September 19, 2024 | 17:26
READING TIME: 2 minutes
Even 12 years of waiting before getting the first specific therapies. For patients with psoriasis, getting treatment is an odyssey. “The reasons for the delay in starting treatments are to be found in the territory. We must sensitize general practitioners to send patients to the specialist, but also sensitize the patient himself”. This was stated by Maria Concetta Fargnoli, full professor of Dermatology and Venereology at the University of L’Aquila and vice president of Sidemast (Italian Society of Dermatology and Sexually Transmitted Diseases), speaking at the press conference in Rome on the approval of reimbursement for the oral drug deucravacitinib.

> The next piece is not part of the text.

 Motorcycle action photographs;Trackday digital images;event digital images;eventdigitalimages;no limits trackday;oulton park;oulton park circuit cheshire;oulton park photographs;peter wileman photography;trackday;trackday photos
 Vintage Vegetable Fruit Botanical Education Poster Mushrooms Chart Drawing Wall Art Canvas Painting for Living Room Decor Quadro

The other problem is that the patient easily gives up on treatment. “There is a worrying tendency,” Fargnoli points out, “to abandon treatment as soon as there is an improvement, or to postpone the intervals of taking the drug without the doctor’s advice. Problems that arise from underestimating the condition.”

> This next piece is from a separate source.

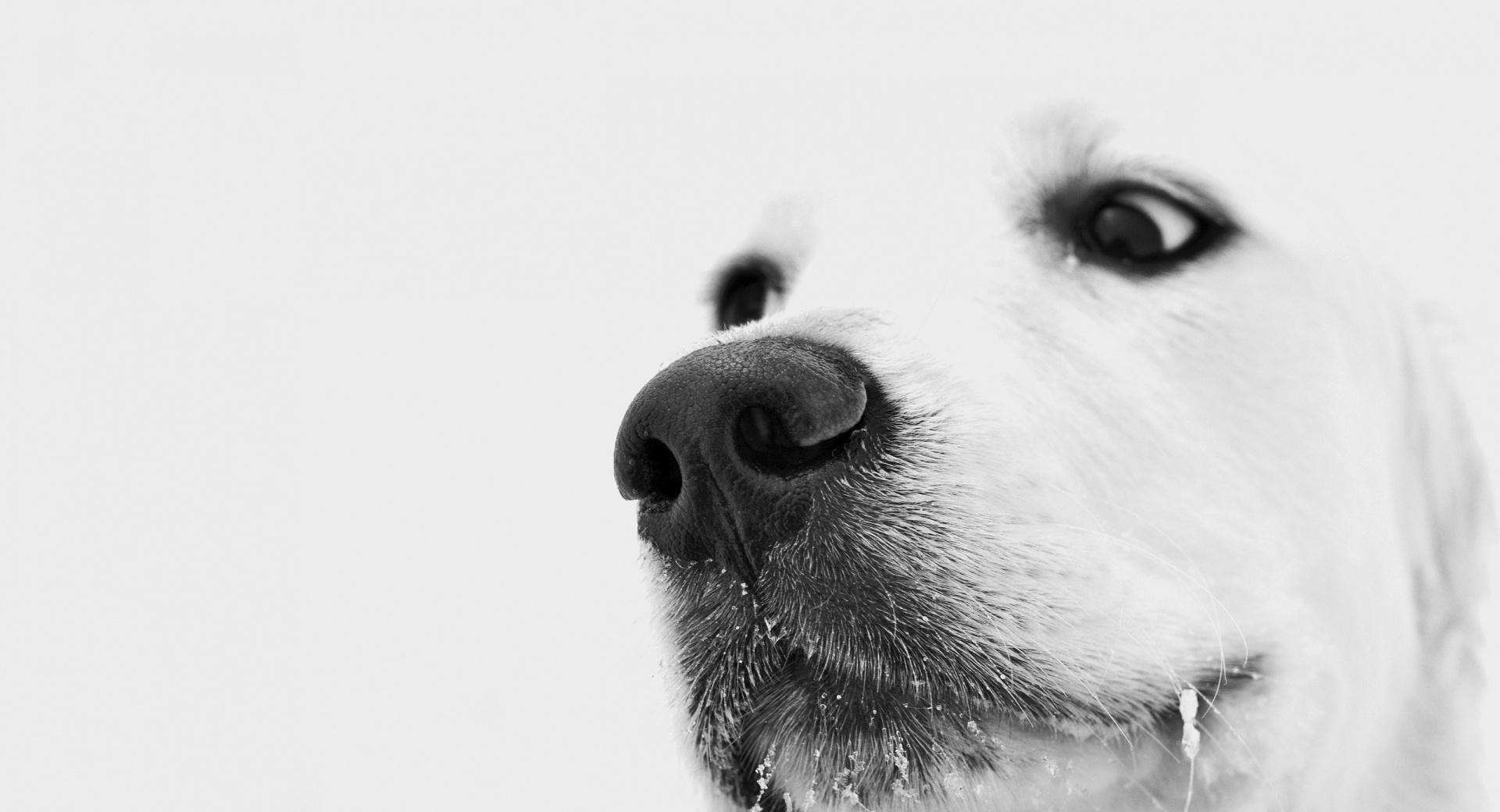 White Dog, Winter at 320 x 480 iPhone size wallpapers HD quality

At the moment “for moderate-severe psoriasis we have several therapies – Fargnoli explains to Adnkronos Salute – conventional drugs that certainly have limits in terms of efficacy, but above all long-term treatment due to toxicity, and then we have innovative drugs including biologicals and small molecules. First-generation biologicals are very effective, but are often perceived as too strong by the patient who would instead like, especially in moderate forms, a less aggressive treatment”. Among the requests of patients “a drug that reduces the inflammatory burden and those that are associated comorbidities that require multidisciplinary management and therefore a collaboration between dermatologist, rheumatologist, gastroenterologist, just to give a few examples. This new molecule can help patients come out of their shell and get their lives back, because often because of psoriasis they avoid social relationships”, he concludes.